8. Havuz Başı (1951)
Eserin adı olan Havuz Başı öyküsünde, bir adamın başından geçen dertler, tasalar, hayal kırıklıkları anlatılır. Lâkin öyle iç karartıcı cinsten değil de, Sait Faik’in dilinde olduğu gibi havadar bir şekilde. Beyazıt Meydanı’ndaki havuzun başında, kafasındaki sevgilisiyle konuşan bir adamla öykü açılış yapar. Kahramanımız kafasındaki bu diyaloglardan, konuşmalardan kendini alamaz, ancak bazen dış dünyaya geri dönüş yapar. Kitabın arka kapağında, Oktay Akbal’ın yazara dair anlattığı müthiş bir anı vardır: “Bir bahar günü Sait Faik ve Orhan Veli ile birlikte yaptığımız bir Boğaz gezintisini anımsıyorum. Üsküdar’dan Beykoz’a kadar her iskelede Sait beni sınava çekmişti: ‘Şu iskeleyi anlatmak gerekse neresinden başlarsın?’ Anadoluhisarı İskelesi’nin yanında küçük bir kahve vardır. ‘Haydi’ dedi, ‘mademki hikâyecisin, şu kahvede ilk gözüne çarpan nedir, söyle bakalım?’ Baktım üç dört kişi oturmuş, kâğıt oynuyor, kahve içiyor, duvarda birtakım basma resimler… İran şahının, Atatürk’le resmi falan. ‘Bu resimleri belirtirim’ dedim. Kızdı birden, ‘Ulan!’ dedi, ‘o kenarda tek başına oturan ihtiyar sakallı var ya? İşte asıl hikâye o be?’ “
9. Son Kuşlar (1952)
Esere adı verilen Son Kuşlar öyküsünden bahsedeyim: tabiatın cenneti kıvamında olan Adalar’ın güzellikleri, doğanın ne demek olduğunu bilmeyen fesat tiplerce mahvedilir ve bu tip insanlardan duyulan rahatsızlıklar dile getirilir.
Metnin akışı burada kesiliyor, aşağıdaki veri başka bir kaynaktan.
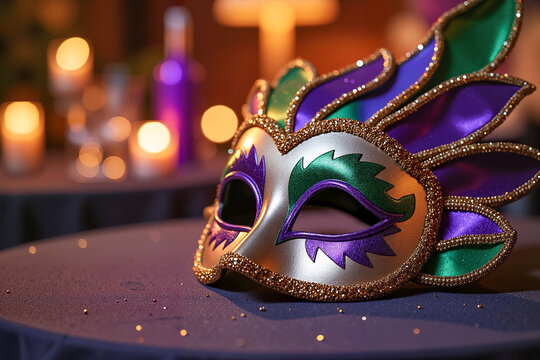 Colorful masquerade ball mask with vibrant feathers displayed on a table in dimly lit indoor setting, Mardi Gras celebration concept.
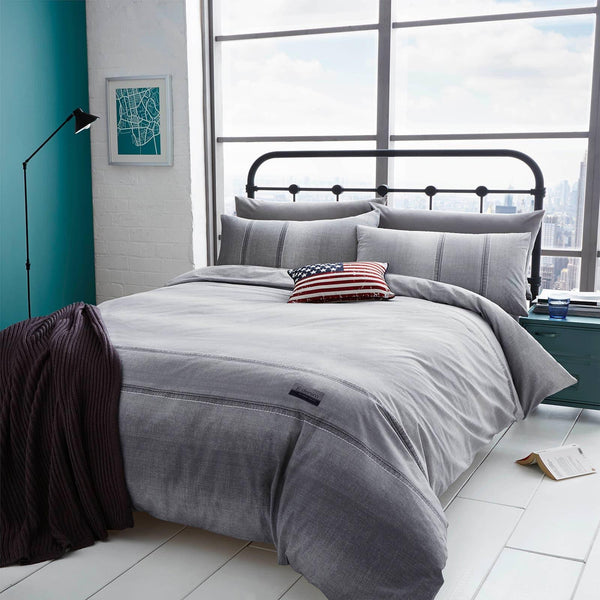 Denim Stitch Distressed Style Printed Grey Duvet Cover Set - Double - Ideal Textiles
Sait Faik’in yazmakla ilgili meşhur sözü de bu eserinde yer alır: ‘’Koştum tütüncüye, kalem kâğıt aldım. Oturdum. Ada’nın tenha yollarında gezerken canım sıkılırsa küçük değnekler yontmak için cebimde taşıdığım çakımı çıkardım. Kalemi yonttum. Yonttuktan sonra tuttum öptüm. Yazmasam deli olacaktım.”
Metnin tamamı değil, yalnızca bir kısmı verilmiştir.